Economists have forecast, for the most part, that a majority of the BOE’s nine-member monetary policy committee (MPC) will vote to keep its key interest rate, known as Bank Rate, unchanged at 4% at its November meeting.

There are some dissenters, however, with the likes of Barclays, Nomura, Mizuho and Unicredit believing there could be a surprise cut today, to 3.75%. Julien Lafargue, chief market strategist at Barclays Private Bank, conceded Tuesday that while there was a case for a rate cut this month, it was “a very finely balanced decision.”

In any case, there is a general consensus that rate-setters could trim rates as soon as December, and will cut again over the coming year in response to expected cooling inflation — the rate of which remained unchanged for the third consecutive month in September, at 3.8% — and a softening of labor market data.

Most MPC members are more concerned about the implications of cutting rates too quickly rather than too slowly, Oxford Economics noted in analysis, and the BOE will want to see evidence of sustained downside surprises in the data and pay growth slowing to a target-consistent pace before voting to cut again.

“If we are right and the BOE pauses [this] week, the question will then turn to when the next cut will come,” Allan Monks, chief U.K. economist at JP Morgan, said in a note.

“We have argued that further downside surprises in the inflation and labour market data will determine that. For example, a move up in the unemployment rate to 4.9% in September could be significant, as well as further soft sequential gains in core CPI services and private pay.”

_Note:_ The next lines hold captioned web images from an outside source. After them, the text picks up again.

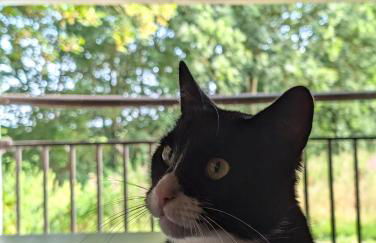 Traumkrone Ferienwohnungen - Wiesengrün - Foto 28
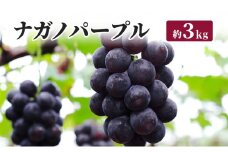 [№5729-0206]ナガノパープル 約3kg JAながの ぶどう 長野 坂城町産 ブドウ フルーツ 果物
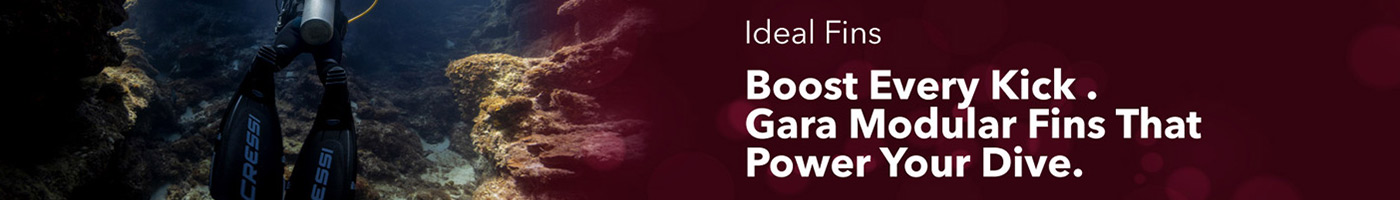Cressi Must-Have Fins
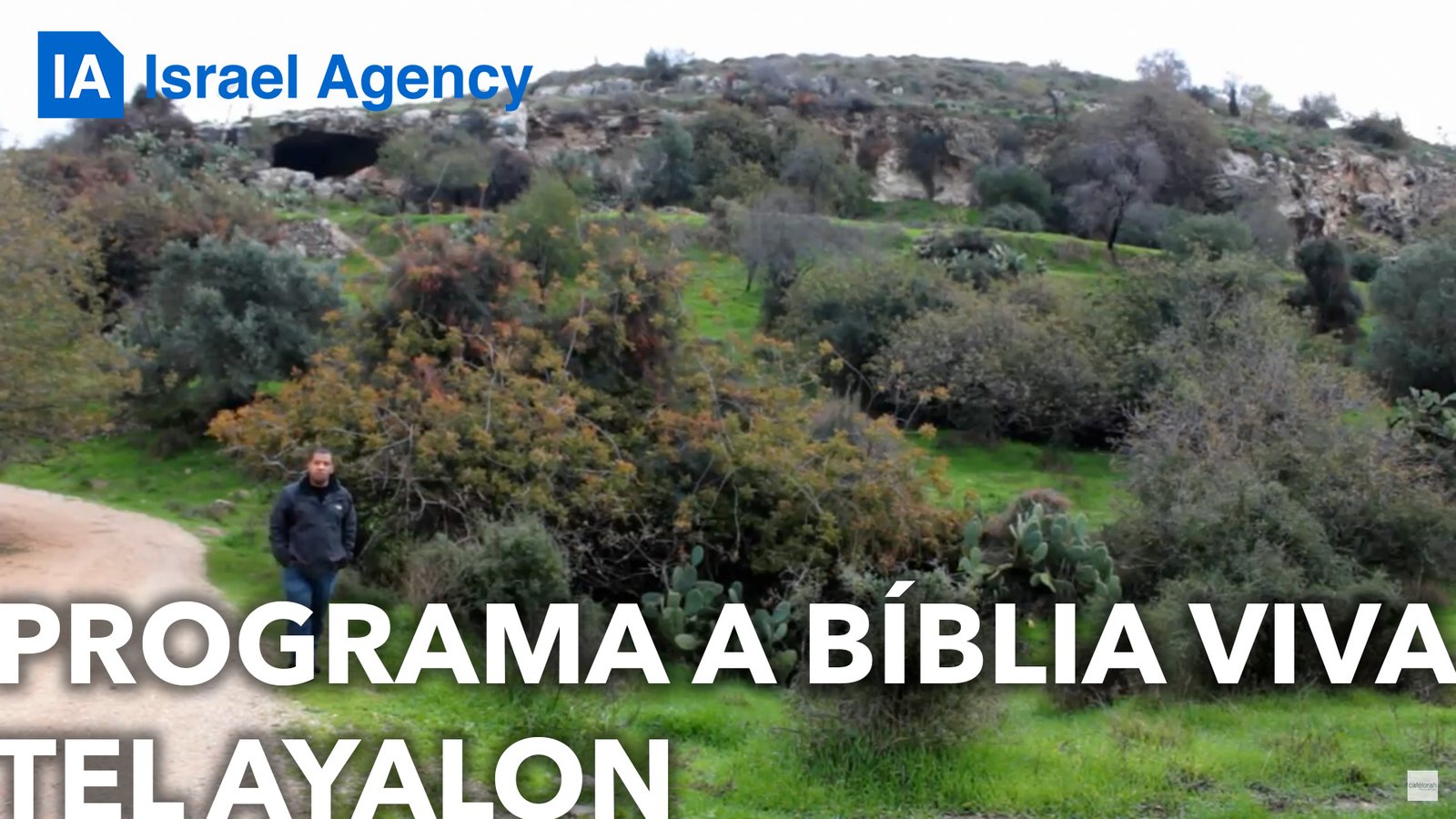 AYALON ia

Assuming the BOE does hold rates on Thursday, UBS’ Turner said that he expects the central bank to then “signal that a cut is coming no later than February — maybe as soon as December.”

“Policymakers will not be armed with fresh forecasts in December, but they will have the budget and the impact analysis in their pockets,” he said.

Autumn Budget

The fact the central bank’s meeting this month comes ahead of the upcoming Autumn Budget on Nov. 26 is another reason for the BOE’s policy makers to pause for thought.

It’s widely expected that Chancellor Rachel Reeves will announce tax rises as she looks to fill a fiscal black hole estimated to be anywhere between £20-50 billion ($20-$65.2 billion), based on assumed forecasts of lower productivity, servicing debt and the cost of U-turns on welfare spending cuts, among other things.

Earlier this week Reeves gave a clearer indication that tax rises are coming and is she is expected to consider increasing income tax as one way to raise revenues, but she has not given any further detail. Tax rises would likely act as another damper on inflation by reducing consumer demand.

“If the measures [in the budget] include a hike in income tax, they would add to the drag on households’ real incomes from high inflation and slowing pay growth. As these factors weigh on demand inflation will likely ease,” Andrew Wishart, economist at Berenberg, said in a note Friday.

“If so, this will allow the Bank of England to cut interest rates by 25 basis points at least twice next year to 3.50%. A front-loaded fiscal tightening would open the door to a third cut in 2026, to 3.25%,” he added.